The drug crisis is all an immigration problem, not a health care problem

As I’ve warned over and over again, the feds and state governments have misdiagnosed the drug crisis as a prescription problem in order to protect sanctuaries and illicit drugs peddled by Mexican and Dominican drug cartels. In New Hampshire alone, prescription opioids dropped by 33 percent from 2013 through 2017, at the exact time that illicit drug overdoses spiked. This is why just 14 percent of those who sought treatment for addiction in New Hampshire last year did so for prescription opiate addiction.

Likewise, Massachusetts has one of the lowest prescribing rates in the nation, yet is one of the top overdose states. This is no mystery, because almost all of those who overdosed this year had fentanyl and other illicit drugs in their systems.

This has nothing to do with health care and has everything to do with immigration and national security. The Boston Globe, in 2017, admitted that “Mexican cartels are delivering vast quantities of the inexpensive and powerful synthetic drug fentanyl to New England” through “a pipeline that often begins in China, winds through Mexico, and flows into distribution cities such as Lawrence and Springfield.”

This is also why cocaine and meth, which are not even opioids, are the most trending drugs in overdose increases. All of these drugs come from drug cartels. Just last week, a DACA recipient was arrested for trafficking meth.

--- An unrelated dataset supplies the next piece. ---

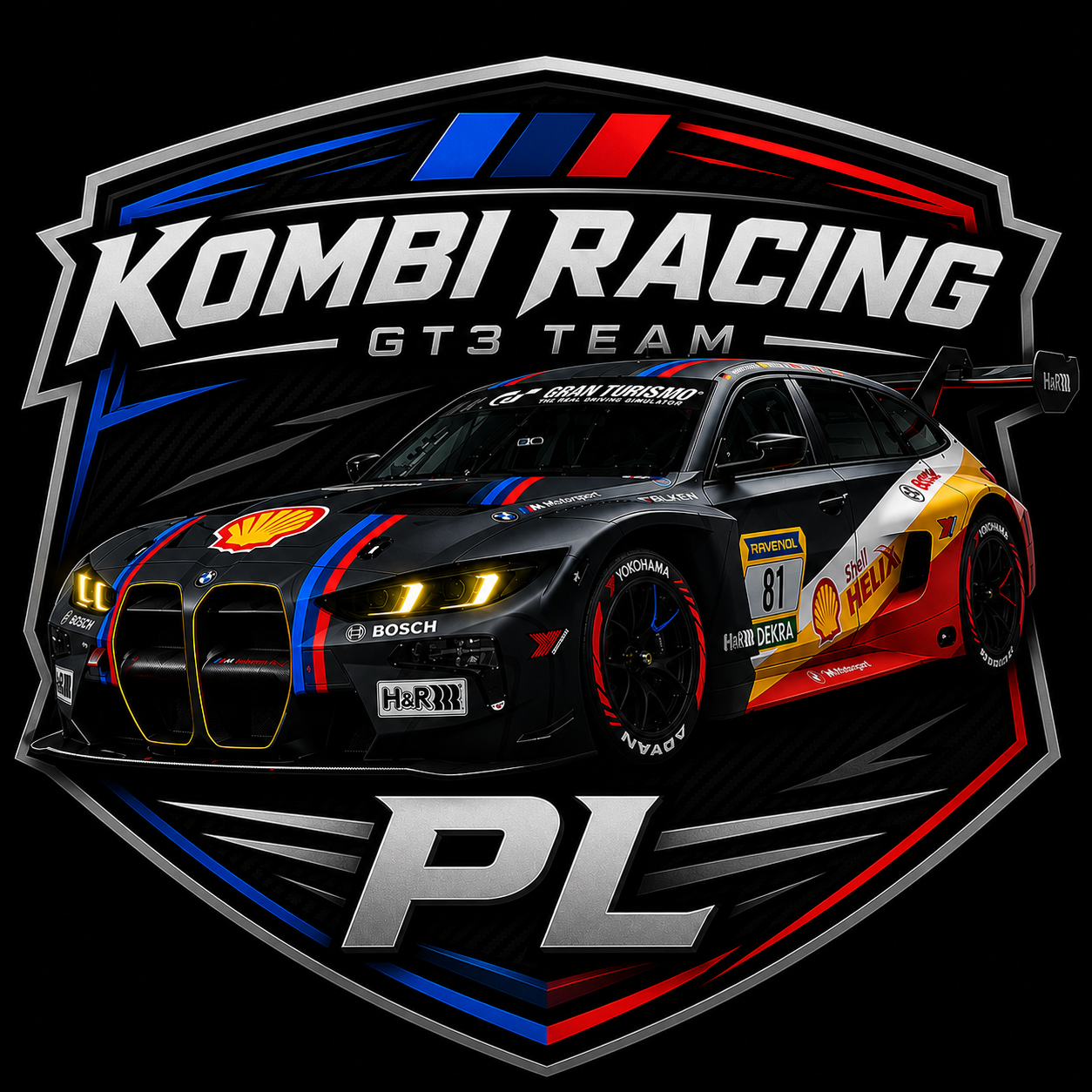 Wasn das für ein Kombi Racing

This is why Trump called out Lawrence’s leaders for their role in drugging up both Massachusetts and New Hampshire, which are served by the network of the drug cartels in this sanctuary city. The media made fun of Trump’s assertion as if it were some conspiracy theory, yet all this fentanyl that is now laced into the heroin and other drugs is being distributed under the eyes of Lawrence’s leadership.

Absent this effort by the feds, this network would have never been apprehended. This sentiment was echoed in a statement by Todd Michael Lyons, acting field director of the Boston ICE office:

This subgroup of criminal illegal aliens has effectively embedded themselves in the community and have hidden in plain sight for too long with impunity. If state and local leaders along with elected officials want to combat the opioid problem in the Commonwealth, they need to be serious about rooting out the foreign nexus of the problem. ERO is dedicated to removing the foreign criminal element that is directly contributing to the overwhelming number of overdoses in this state and others. No sanctuary should be given to a criminal alien who has actively taken part in hurting the youth of New England.

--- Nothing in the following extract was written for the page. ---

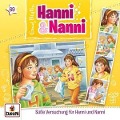 Cover-Bild zum Titel '069/Süáe Versuchung für Hanni und Nanni' von 'Hanni Und Nanni'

Congress can and must act and can actually win the election on this issue

While the efforts by the Trump administration are laudable, we still need Republicans in Congress to run on this issue and then actually fulfill their campaign promises. As Jessica Vaughan warns:

As helpful and necessary as these operations are, we still need Congress to do its job and provide the resources for better border security, update our laws so gang members and drug traffickers can be thrown out more easily, and impose some consequences for sanctuaries. House Republicans have written bills to do all of this, and the president would sign it in a New York minute, but a few powerful individuals who are more interested in passing expanded guest worker programs keep getting in the way.

Congress can end this tomorrow by finally placing these priorities in the budget bill. I detailed 25 ideas to fight back on criminal aliens, including ending the identity theft mill through the SSA and the IRS, which allows these networks to operate. Moreover, as Vaughan notes, it’s hard for even law-abiding districts to apprehend and turn over illegal aliens because the lower courts are creating new rights every day for MS-13 and drug cartels. The Ninth Circuit just made it impossible to detain many suspected criminal aliens.

Imagine if congressional Republicans engaged in a Kavanaugh-level fight over the rule of law vs. the mob law of sanctuaries, drugs, and gangs – all issues that concern suburban voters. Then we might actually be talking about a red wave. And imagine if they actually fulfilled the promise immediately after the election. We can only dream.